The Frame Generator was developed to assist in the investigation of popular perspectives on the concept of ‘Europe’ arising from the KB collection of Dutch historical newspapers. To this end, a dataset was prepared of articles that mentioned the word ‘Europe’ at least once. A subset of articles was then selected on the basis of (Dutch-language) synonyms for the words ‘unity’ and ‘unification’ (such as ‘integration’, ‘agreement’, ‘settlement’, ‘consensus’, ‘treaty’, ‘harmony’, etc). This subset was assumed to contain news articles that discuss Europe as a unified political / cultural / economic entity, or as an entity involved in a process of unification. The other subset was based on synonyms for competitions (such as ‘match’, ‘prize’, ‘winner’, ‘cup’, etc); this subset was assumed to contain articles on sports and other competitions.
The Frame Generator process of analyzing these datasets consists of four stages.

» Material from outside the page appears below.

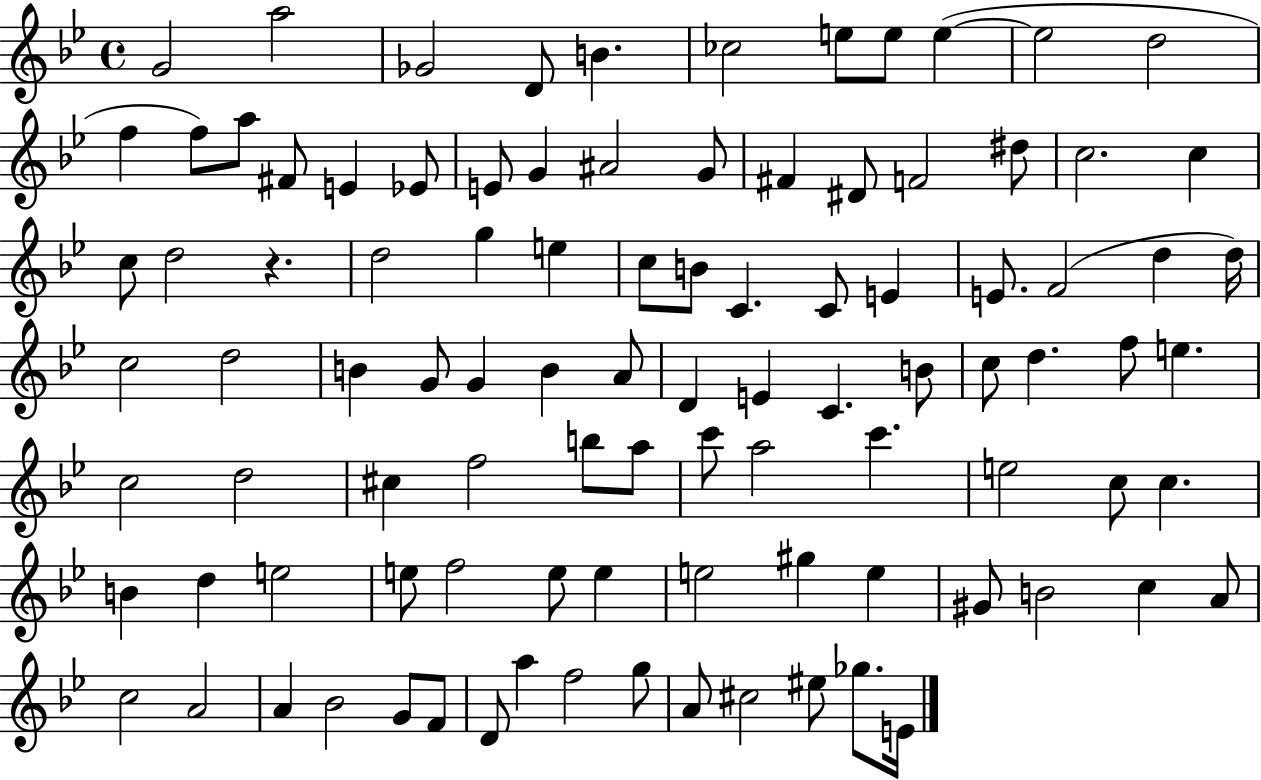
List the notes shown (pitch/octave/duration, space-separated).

G4/h A5/h Gb4/h D4/e B4/q. CES5/h E5/e E5/e E5/q E5/h D5/h F5/q F5/e A5/e F#4/e E4/q Eb4/e E4/e G4/q A#4/h G4/e F#4/q D#4/e F4/h D#5/e C5/h. C5/q C5/e D5/h R/q. D5/h G5/q E5/q C5/e B4/e C4/q. C4/e E4/q E4/e. F4/h D5/q D5/s C5/h D5/h B4/q G4/e G4/q B4/q A4/e D4/q E4/q C4/q. B4/e C5/e D5/q. F5/e E5/q. C5/h D5/h C#5/q F5/h B5/e A5/e C6/e A5/h C6/q. E5/h C5/e C5/q. B4/q D5/q E5/h E5/e F5/h E5/e E5/q E5/h G#5/q E5/q G#4/e B4/h C5/q A4/e C5/h A4/h A4/q Bb4/h G4/e F4/e D4/e A5/q F5/h G5/e A4/e C#5/h EIS5/e Gb5/e. E4/s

The first stage concerns the pre-processing of the dataset. During this stage the dataset is cleaned by normalizing spelling variations and correcting OCR errors on the basis of user-provided lists of regular expressions and their replacements. In addition, the dataset is tokenized, lemmatized and part-of-speech tagged with the Natural Language Processing suite Frog (https://languagemachines.github.io/frog/). The user has the option of splitting larger documents into smaller units of analysis by specifying the maximum number of sentences to be contained in each unit.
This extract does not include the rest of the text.